4 Punt 3 van het dictum van het EKW-arrest luidt als volgt: Artikel 3, lid 2, van richtlijn 92/12[/EEG van de Raad van 25 februari 1992 betreffende de algemene regeling voor accijnsproducten, het voorhanden hebben en het verkeer daarvan en de controles daarop (PB L 76, blz. 1)] kan niet worden aangevoerd tot staving van vorderingen betreffende een belasting als de belasting op alcoholhoudende dranken die vóór de datum van dit arrest is betaald of opeisbaar is geworden, behalve door verzoekers die vóór die datum een beroep in rechte hebben ingesteld of een daarmee gelijk te stellen bezwaarschrift hebben ingediend.

Nationale wetgeving

5 § 162 WAO luidt als volgt:

1) Belastingtegoeden van de belastingplichtige worden gebruikt om de opeisbare schulden terug te betalen.

2) Voorzover belastingtegoeden niet overeenkomstig lid 1 worden gebruikt, worden zij overeenkomstig de bepalingen van § 185 terugbetaald.

6 Op grond van de vóór 2 maart 2000 geldende bepalingen kon de belastingplichtige overeenkomstig § 185, lid 1, WAO terugbetaling vorderen van belastingtegoeden die niet voor de terugbetaling van opeisbare schulden waren bestemd.
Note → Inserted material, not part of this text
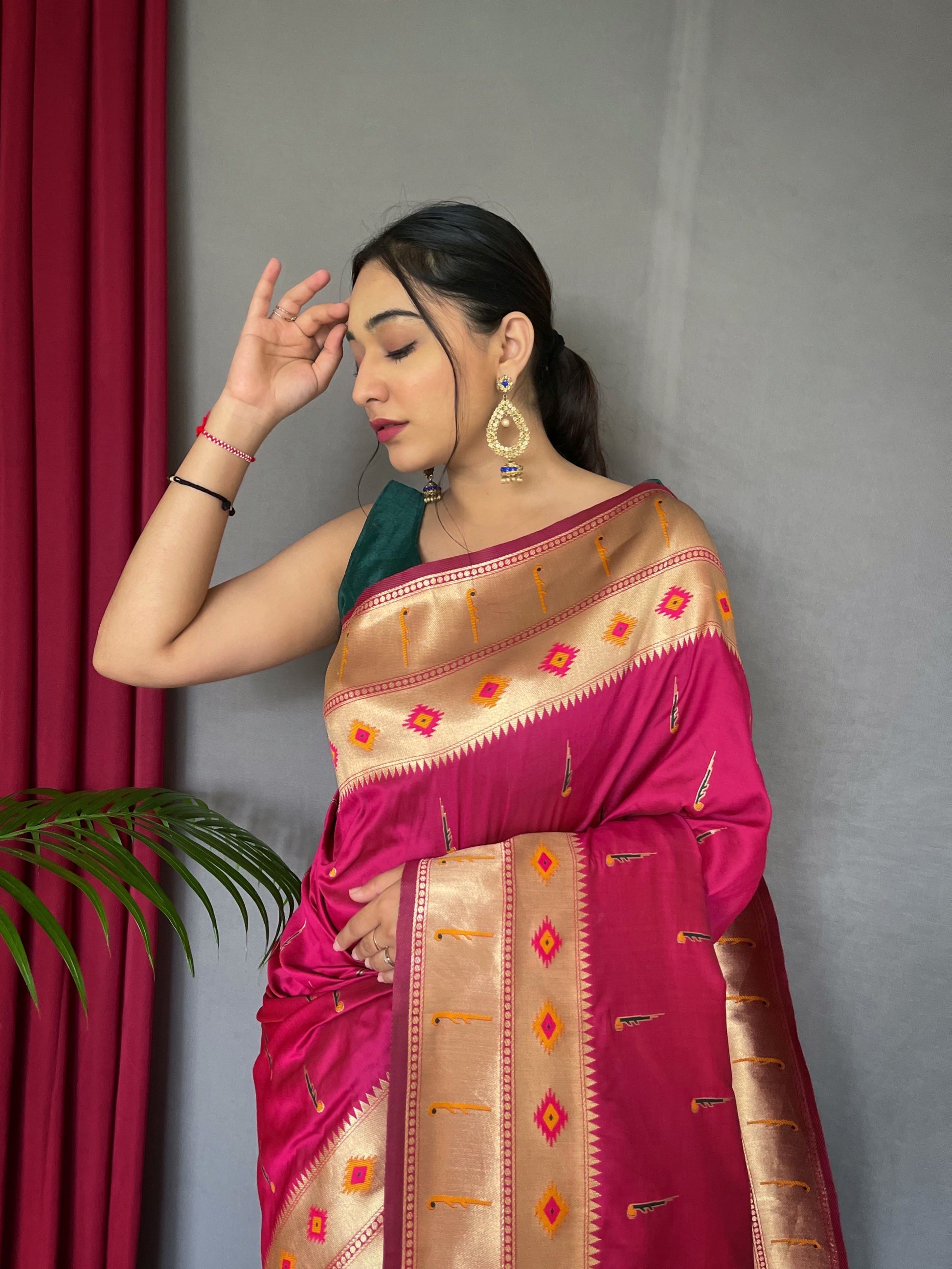 Vivid Pink Muniya Paithani Woven Silk Saree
Aan de terugbetaling van deze belastingtegoeden was geen enkele andere voorafgaande voorwaarde verbonden.

7 Artikel 1 van de op 2 maart 2000 bekendgemaakte wet (LGBl für Wien nr. 9/2000; hierna: wijzigingswet) heeft de WAO gewijzigd, met name door in § 185 de leden 3 en 4 van dat artikel in te voegen. Bovendien verklaarde artikel 2 van de wijzigingswet dat artikel 1 ervan eveneens van toepassing was op fiscale verplichtingen die vóór de bekendmaking van genoemde wet waren ontstaan.
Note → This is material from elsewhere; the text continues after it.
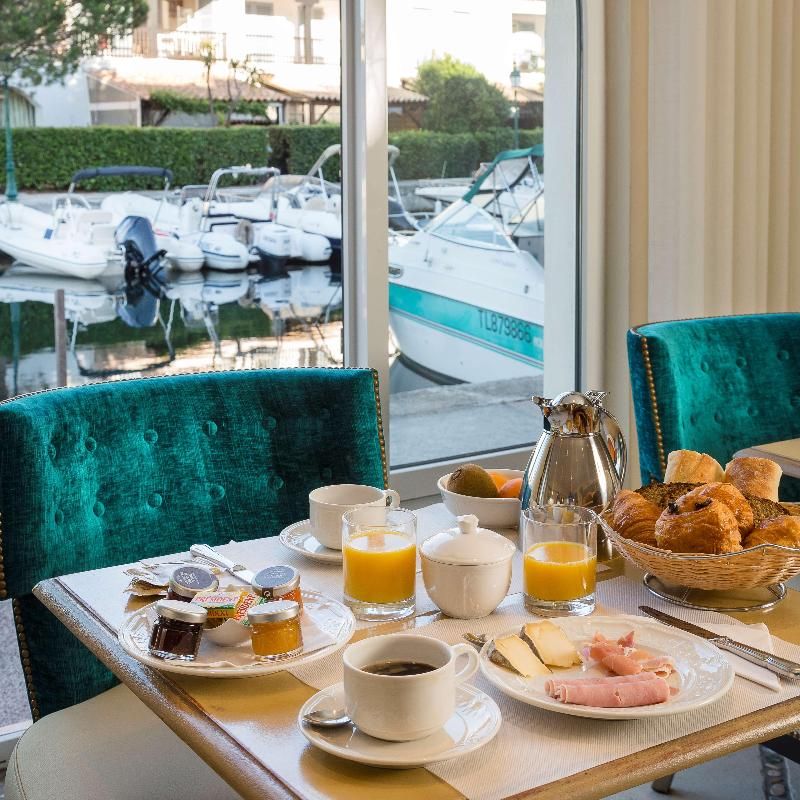 Le Suffren, BW Signature Collection 4 estrelas em Grimaud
8 Een nieuwe wijzigingswet van 20 februari 2001 (LGBl für Wien nr. 7/2001) heeft eveneens een aanvulling op § 185, lid 3, eerste alinea, WAO aangebracht.

9 § 185 WAO, zoals gewijzigd bij de twee bovengenoemde wijzigingswetten, luidt:

1) De belastingplichtige kan om terugbetaling van de belastingtegoeden (§ 162, lid 2) verzoeken. Terugbetaling kan ook ambtshalve plaatsvinden.

2) Het terug te betalen bedrag kan worden verrekend met qua hoogte vaststaande belastingschulden die de belastingplichtige niet later dan drie maanden na indiening van het terugbetalingsverzoek moet voldoen.

3) Om terugbetaling kan niet worden verzocht, indien de belasting economisch door een ander dan de belastingplichtige werd gedragen; in dat geval levert de vermindering van het belastingbedrag op aangifte of in de belastingaanslag niet een tegoed op. Voorzover een aldus afgewentelde belasting nog niet is voldaan, legt de belastingdienst ter zake een afzonderlijke aanslag op.

4) Lid 3 geldt niet voor belastingplichtigen die met betrekking tot belastingbepalingen die door het Verfassungsgerichtshof onwettig zijn verklaard, aanspraak kunnen maken op de Anlaßfallwirkung

.

10 In het Oostenrijkse recht geldt de Anlaßfallwirkung met name bij arresten waarin het Verfassungsgerichtshof een wet ongrondwettig verklaart. In een dergelijk geval wordt deze wet namelijk niet met terugwerkende kracht nietig verklaard, maar blijft deze, tenzij het Verfassungsgerichtshof anders beslist, van toepassing op de feiten die zich vóór de ongrondwettigverklaring hebben voorgedaan. In de zaak die aanleiding heeft gegeven tot de grondwettigheidstoetsing en in de zaken die bij het Verfassungsgerichtshof aanhangig zijn op het moment waarop de beraadslagingen in de desbetreffende zaak beginnen, wordt de betrokken wet echter niet meer toegepast.

De feiten

De omstandigheden waaronder de wijzigingswet is vastgesteld

11 In 1997 heeft het Verwaltungsgerichtshof waarbij een geschil aanhangig was tussen de belastingdienst en belastingplichtigen over de verenigbaarheid van de drankbelasting met het gemeenschapsrecht ─ en met name met de bepalingen inzake belasting over de toegevoegde waarde, accijnzen en staatssteun ─, een aantal prejudiciële vragen gesteld die het Hof in het EKW-arrest heeft beantwoord.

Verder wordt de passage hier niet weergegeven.